4. stacking (stacked generalization)

ensemble method where different types of models (not just the same one) are trained, and their predictions are combined by a meta-model. the idea is that different models may capture different aspects of the data, so by combining their predictions, you get the best of all worlds. after the base models make their predictions, a final meta-model is trained to make the final decision using the outputs of the base models.

how it works:
1. train multiple different base models (like decision trees, logistic regression, or neural networks) on the data.
2. the predictions of these base models are used as input features for the next step.
3. train a meta-model on these predictions to make the final prediction.
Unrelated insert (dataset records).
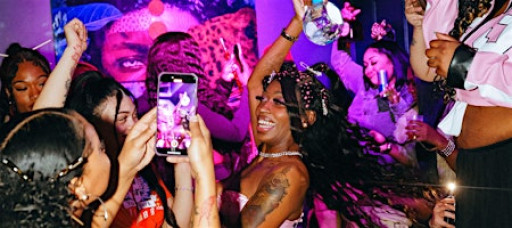 AKAs Takeover - Sorority Founders Day Celebration (W/ Open Bar)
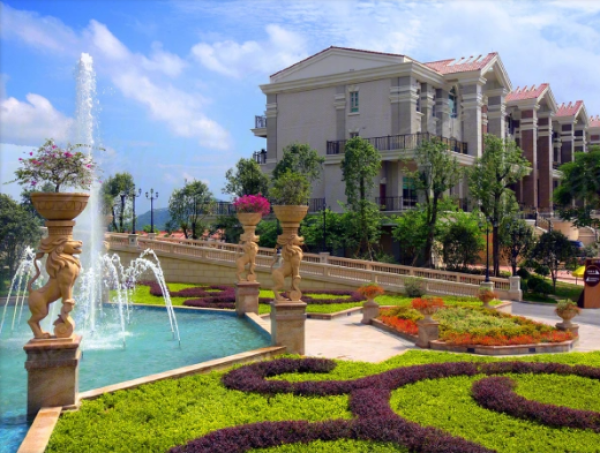 Guangzhou - Regal Lake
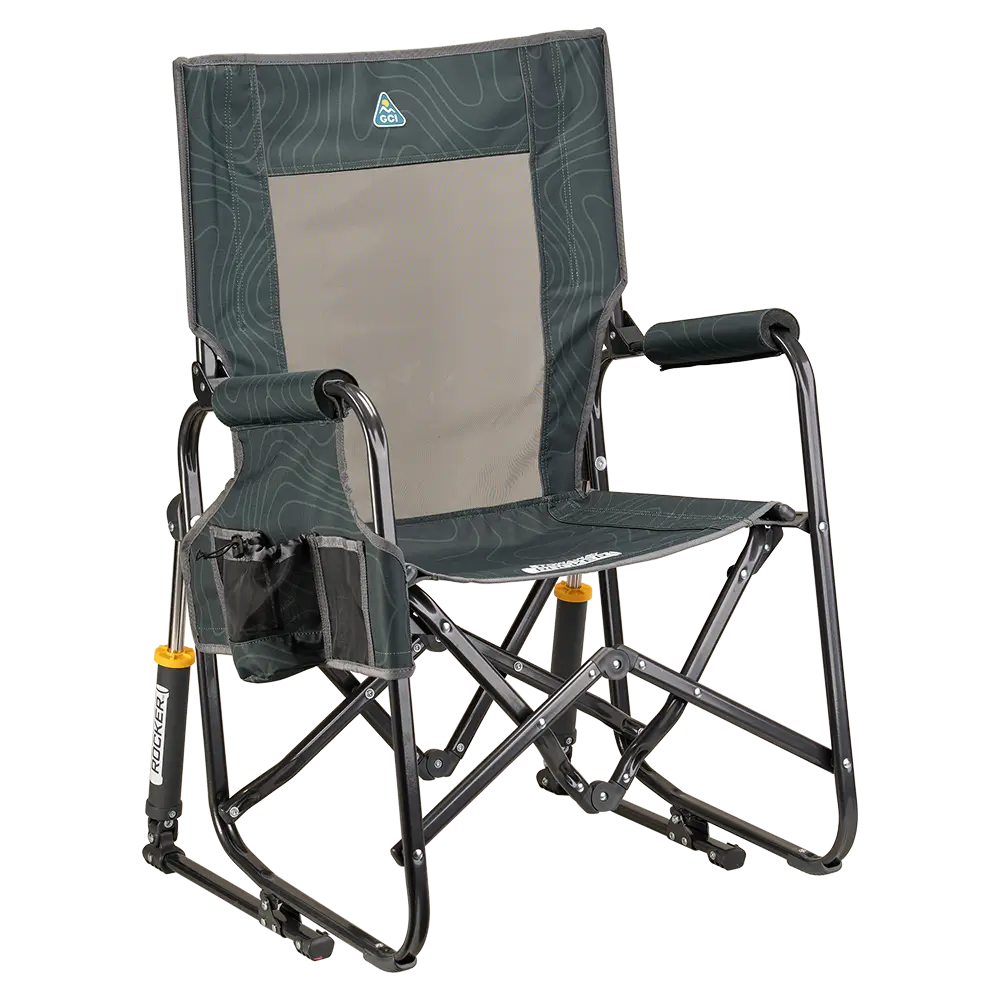 Stowaway Rocker™ Chair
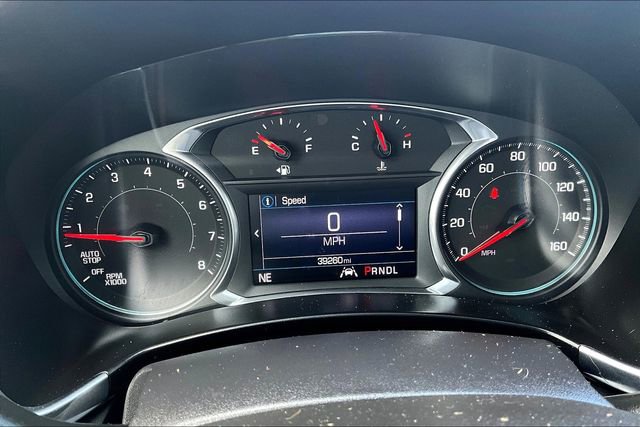 Used 2021 Chevrolet Equinox LT image 12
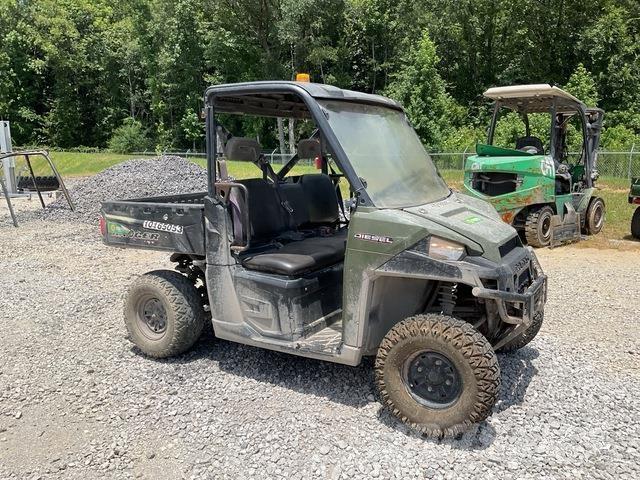 Polaris Ranger Veicoli utilitari
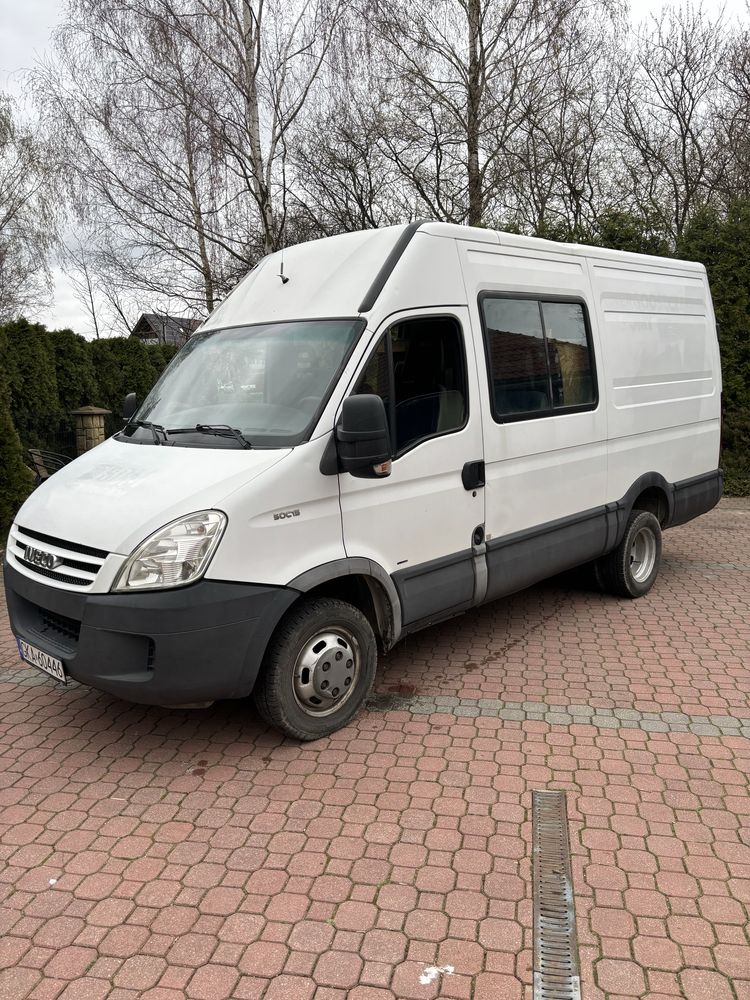 Iveco Daily 3.0 hpi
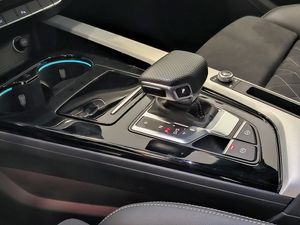 Audi A4 avant 35 tdi 163cv stronic black line limited  - Foto 11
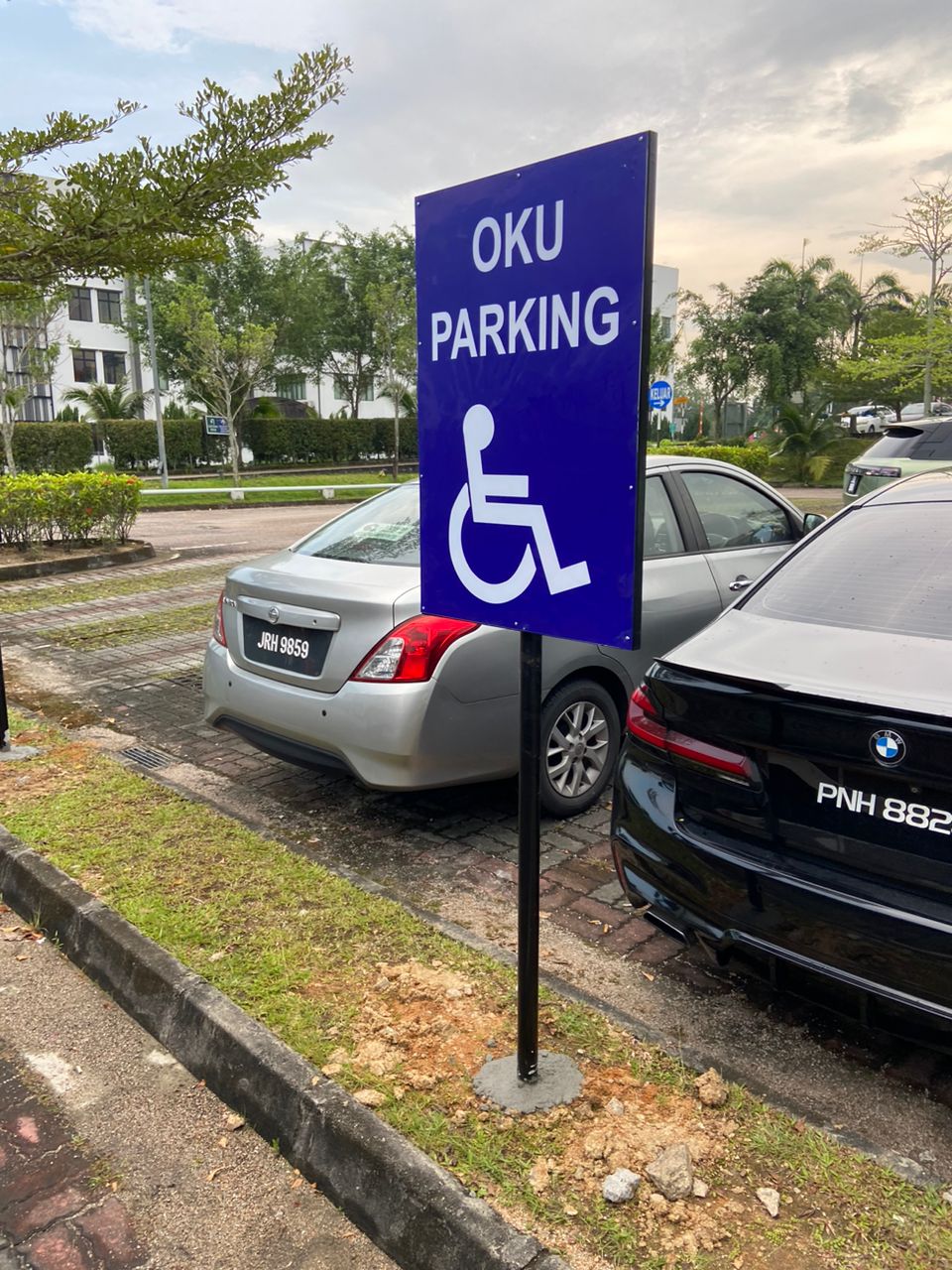Road Signage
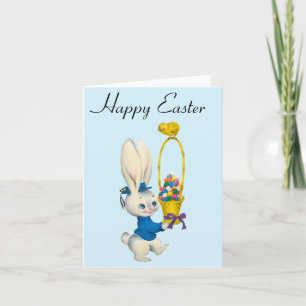 Perfect, Cool Happy Easter, Bunny Announcement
from sklearn.ensemble import StackingClassifier
from sklearn.linear_model import LogisticRegression
from sklearn.tree import DecisionTreeClassifier
from sklearn.svm import SVC
from sklearn.datasets import load_iris
from sklearn.model_selection import train_test_split
from sklearn.metrics import accuracy_score

# Load the dataset
data = load_iris()
X = data.data
y = data.target

# Split the data into training and testing sets
X_train, X_test, y_train, y_test = train_test_split(X, y, test_size=0.3, random_state=42)

# Define the base models
base_models = [
    ('decision_tree', DecisionTreeClassifier()),
    ('svc', SVC(probability=True)),
    ('logistic', LogisticRegression())
]

# Define the meta-model
meta_model = LogisticRegression()

# Initialize the stacking model
model = StackingClassifier(estimators=base_models, final_estimator=meta_model)
model.fit(X_train, y_train)

# Make predictions
y_pred = model.predict(X_test)

# Evaluate the model
print(f"Accuracy: {accuracy_score(y_test, y_pred):.4f}")

famous use case:
stacking is often used when you want to combine the strengths of different types of models. for example, combining decision trees (which are great at handling categorical data) with logistic regression (which can handle continuous data) can yield a better model.